(Beginning of RECORDS PROVIDED)

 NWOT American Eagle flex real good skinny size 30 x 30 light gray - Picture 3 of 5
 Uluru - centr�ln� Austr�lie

(End of RECORDS PROVIDED)
(Beginning of RECORDS PROVIDED)

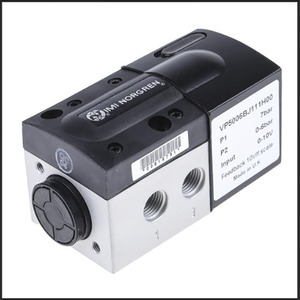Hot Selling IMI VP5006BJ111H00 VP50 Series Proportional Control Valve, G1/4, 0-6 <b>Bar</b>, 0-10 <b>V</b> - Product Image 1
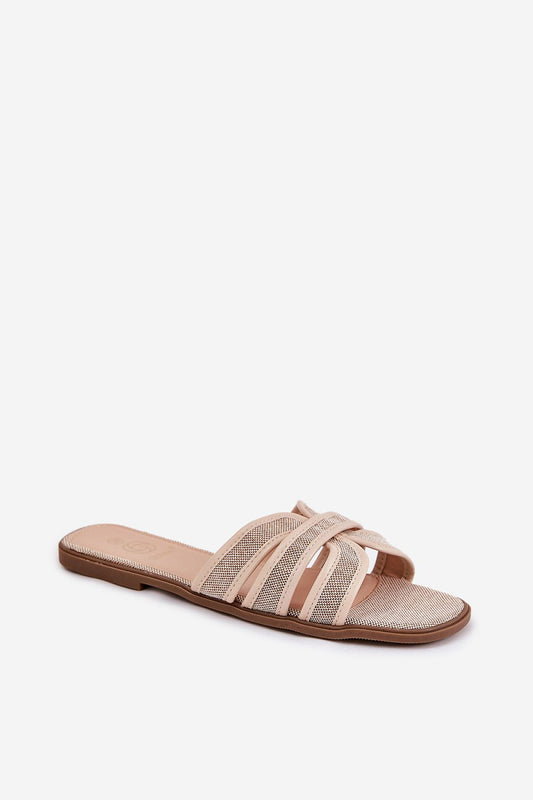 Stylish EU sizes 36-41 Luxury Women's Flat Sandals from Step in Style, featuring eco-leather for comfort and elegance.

(End of RECORDS PROVIDED)

§ **AIM OF THE TASK**
Could you restate word for word the lines above from the one containing "NWOT American Eagle" through the one containing "Uluru - centr�ln� Austr�lie", both included, and nothing else?

§ **WRITTEN REPLY**
 NWOT American Eagle flex real good skinny size 30 x 30 light gray - Picture 3 of 5
 Uluru - centr�ln� Austr�lie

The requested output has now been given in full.